We have now walked into the region of Extremadura that is more sparsely populated. We will be following not only the Roman Road, the Via Pecuria, but also the Canada Real. This was a broad road used in Medieval times to herd thousands of sheep, goats and cattle from northern Spain to graze on the rich winter pastures of southern Spain. Yesterday we say a silver fox hiding by a stream and have heard the call of the coo-coo bird echoing through the hills. Graceful white storks circle above us and roost in nests perched on church towers.
The open feeling of this land left it as a buffer zone between the Islamic south and the Christian north during the years of the Reconquista in the middle ages. As a result of the armies surging across this land from both directions, the towns were heavily fortified with walls and castles. Huge land grants were handed out by the King after the war was won to the conquering knights. Unfortunately, this left the local peasants without a way to make a living, and many of them followed the conquistadors to the Americas. Cortes and Pizarro came from this region to conquer Mexico and Peru respectively. As I look at this open land I think that the people from here who emigrated would have felt very at home in Mexico and the southwestern United States.

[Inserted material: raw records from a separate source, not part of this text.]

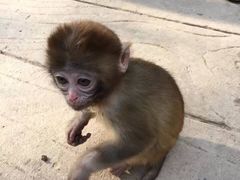 -昆山城市生态森林公园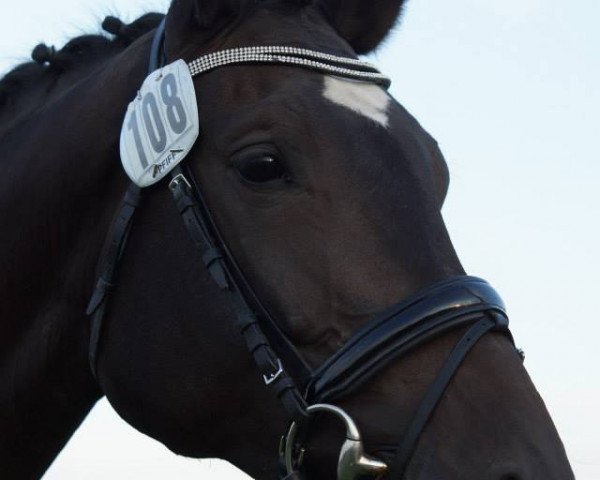 horse Holiday vom Eichenhof (Trakehner, 2010, from Gipsy King)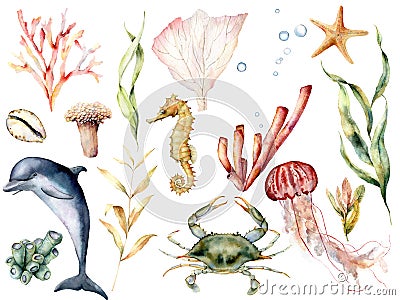 Watercolor sea life set. Hand painted coral reef, dolphin, crab, seahorse, jellyfish, starfish and laminaria isolated on Cartoon Illustration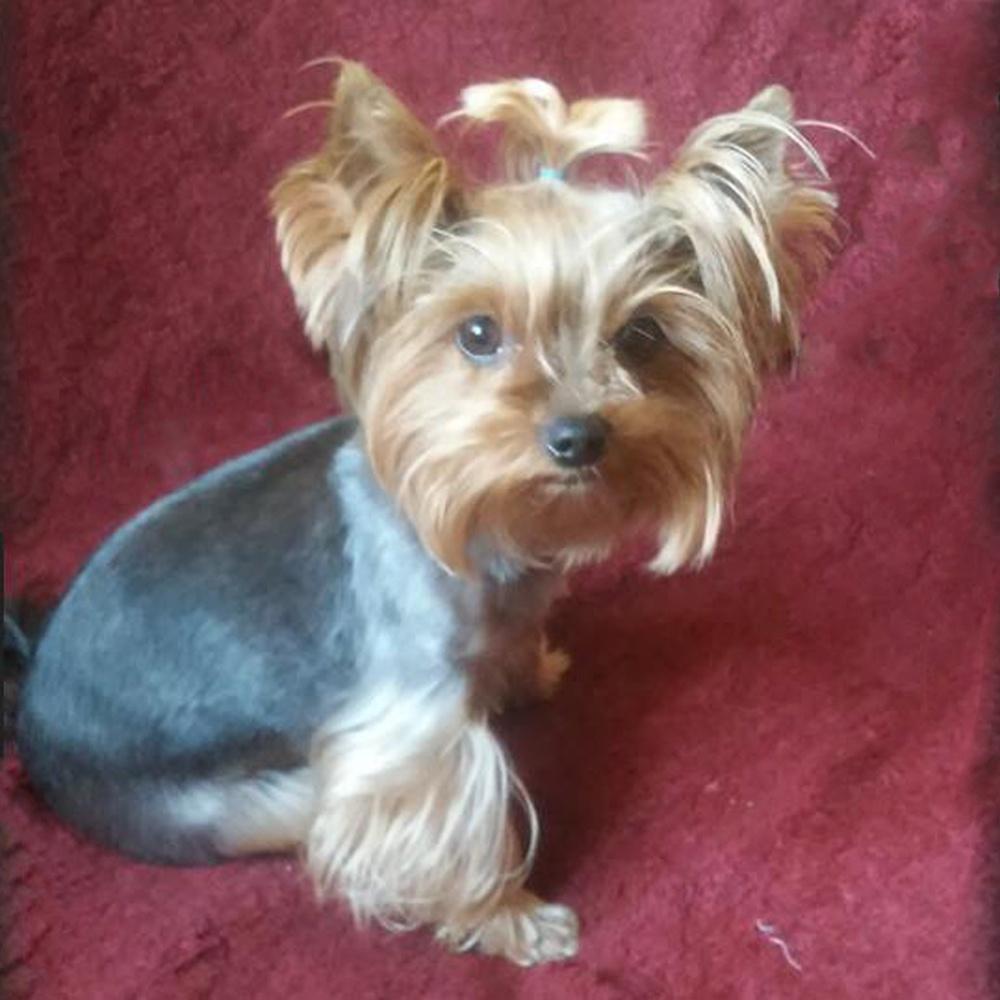 Diamond Painting Cross Animal Full Square Round Drill Diamond Embroidery Dog Diamond Mosaic Needlework Wall Art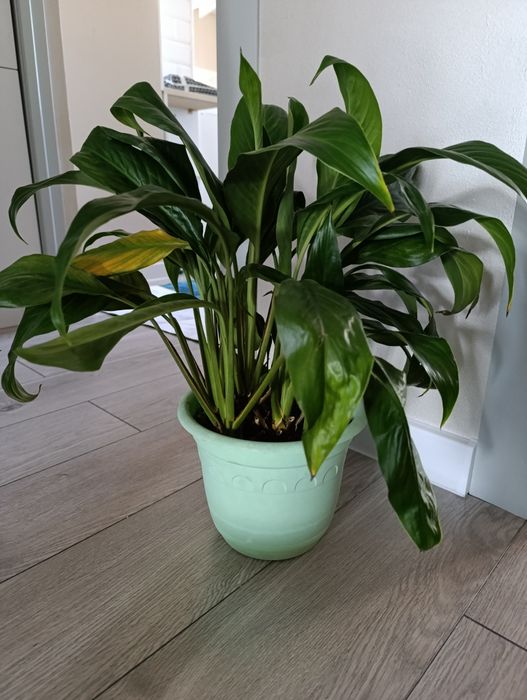 Домашние цвет разные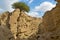 Chahkuh Canyon, Qeshm Island, Iran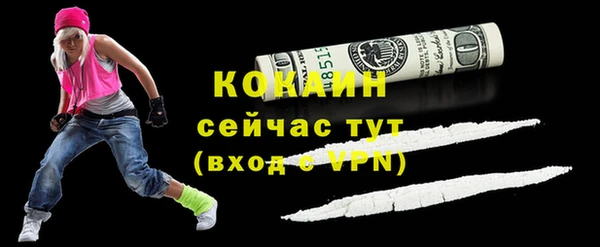 кокс Алексин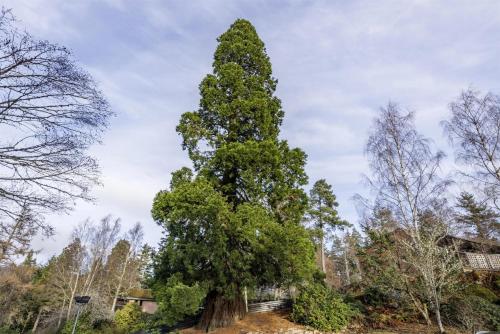 hilton grand vacations club craigendarroch suites scotland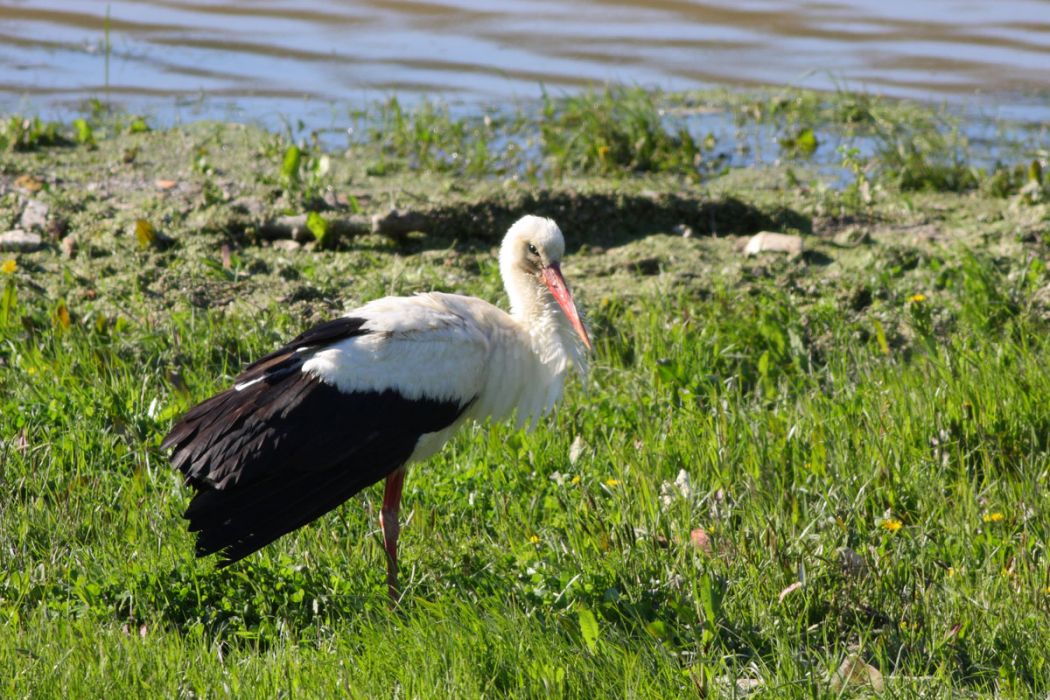 White Stork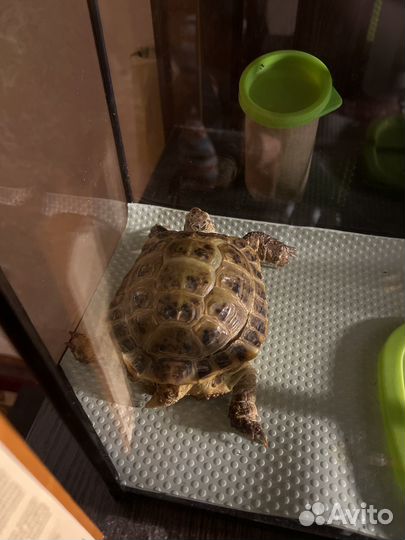 Черепаха сухопутная с террариумом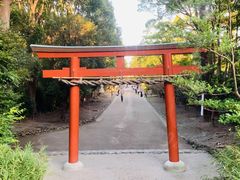 -鹤冈八幡宫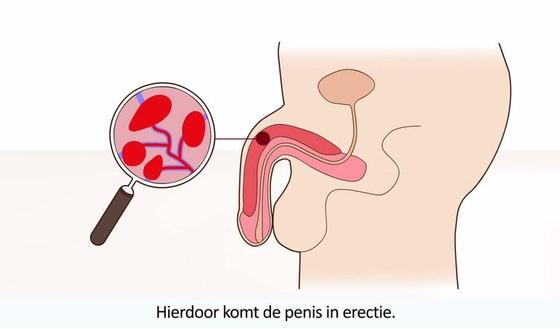 vrouwen zijn dom sex video s vrouwen zijn dom sex video s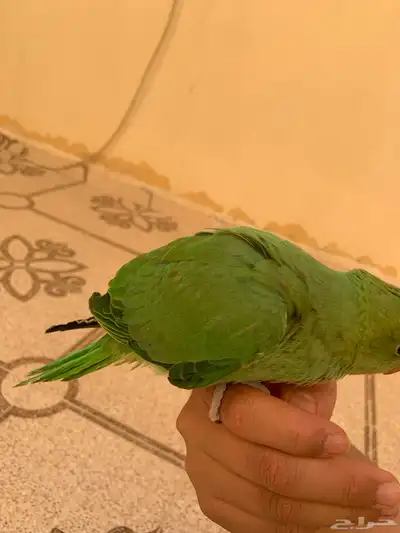 دره هدد خارجي تم البيع 4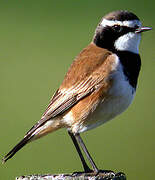 Capped Wheatear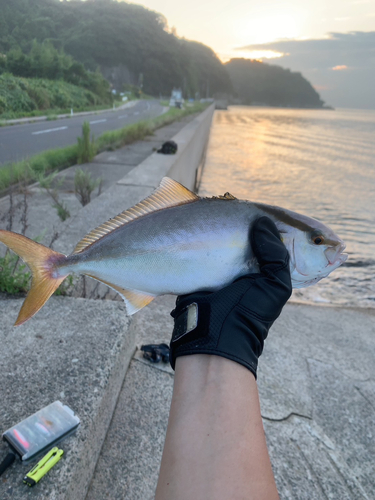 シオの釣果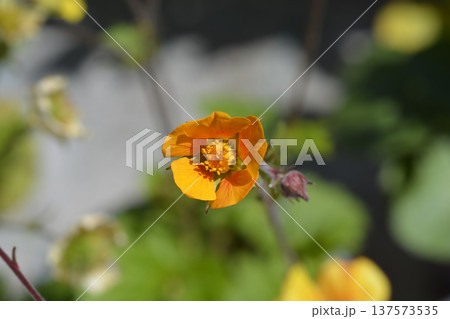 Avens Carlskaer 137573535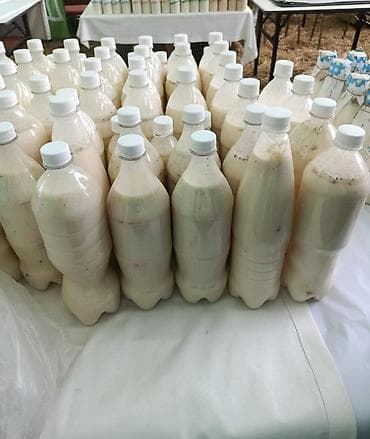 Продукты питания: Кымыз, саамал, В розницу, Бесплатная доставка — 2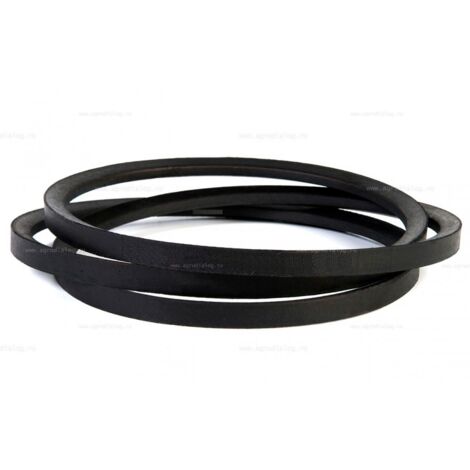 Courroie l=96,5cm , 22431-733-622 554808 v8172000370 - bineuse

We decided to have a “Lay day”, as Judy would say, “after being completely buggered yesterday!” Judy is cheerful all the time and seems to always see the positive side of things. What a wonderful quality to have, and so easy to be around.
We visited the tiny town of Calera de Leon and delighted in the distinctive black and white patterned streets that grace the entire town. We came to men in the plaza laying the stones by hand in a checkerboard motif. Every street is a different pattern in black and white, charming in it’s unique way.
At the very top of the mountain we visited the Monasterio de Tentudia. During Islamic times a mosque stood here. When the critical battle was raging and the Christians were ahead, the leaders asked for more daylight. The virgin held off sunset until the battle was won, and the Christians triumphed. This is how daylight savings time originated! Seriously, it was declared a miracle and a monestary was built on top of this beautiful mountain. The courtyard of the mosque remains as part of the monastery. The arched brick surrounding the garden is a study in red and white pattern. Soft music played in the white washed chapel and a stunning ironwork gate led to the altar. Beautiful tiles enliven areas of the chapel. It is a restful place to spend an afternoon.